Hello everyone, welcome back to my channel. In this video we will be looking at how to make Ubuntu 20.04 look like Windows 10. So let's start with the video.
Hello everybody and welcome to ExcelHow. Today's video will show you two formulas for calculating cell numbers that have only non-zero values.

==

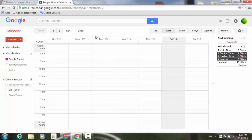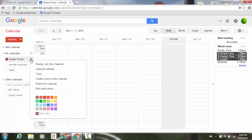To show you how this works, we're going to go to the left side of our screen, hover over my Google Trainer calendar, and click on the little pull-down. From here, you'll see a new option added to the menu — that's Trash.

Your goal: Answer with a single number: how many lines above hold the word "will"?

Task answer: 2